# Barbie, Baby Duck, and a Perch



## GaryFish (Sep 7, 2007)

Well, Friday night I took my 5 year old daughter Molly out for some fishing fun in Rexburg. We headed to the community pond at Nature Park, behind the fairgrounds with a Barbie pole and cup of worms. We got there and tried our luck. Some other kids were there, and feeding the ducks, and thought best place was to stand behind us, and throw the bread over us into the pond. Certainly didn't help the fishing. We cast out anyway with a bobber above a worm. Well, a baby mallard saw the bobber and swam straight to it and before I could pull the line in, dove under the water and grabbed the worm. Boom. Duck on! Not good. I reeled in the baby duck, it crying all the way and got it close enough to cut the line right by the bill and it took off to the other side of the pond. Well, that ended the fishing for a while. Which let Molly enjoy the pond her way.

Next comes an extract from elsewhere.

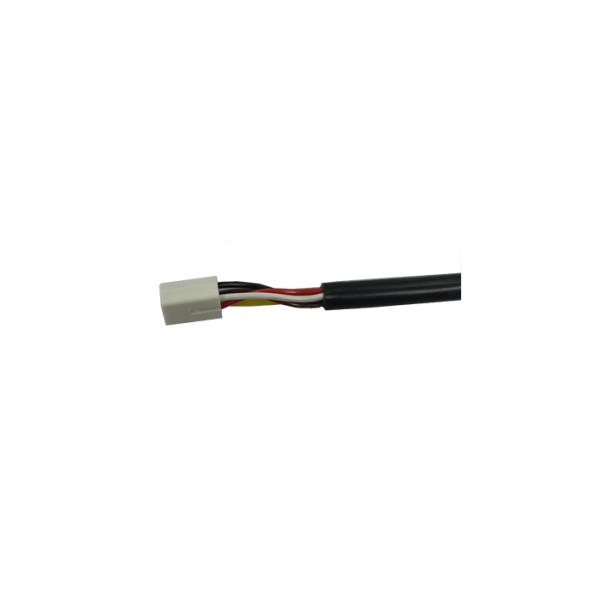 Тангаж IATF1 6949 1,0 Pin AWG 28 mm 4 водоустойчивый и монтажная схема плам-retardant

Well, after getting soaked to the neck, and having a great time, she discovered she was cold and wet. Luckily, I had a towel in the car to wrap her up and let her warm up a bit. I had also taken my 10 year old nephew with us, and he started getting some bites on the little spinner I put on his line. So I went and got Molly out of the car and back to the pond. I cast out the little mepps and started the retrive for her and then got to use that great phrase Dad's love: "Here Molly, you hold the pole." and she got so excited to reel in her first fish with the Barbie pole. This little perch was quite the trophy for her. 









It must have been the highlight. When we got home, she didn't even mention the baby duck to Mom.


----------



## wyogoob (Sep 7, 2007)

Great pics, thanks for sharing.

.


----------



## fishreaper (Jan 2, 2014)

A duck actually took my fly the other day and it ended up breaking my tenkara rod just as the hook came loose. Great pictures anyways.


----------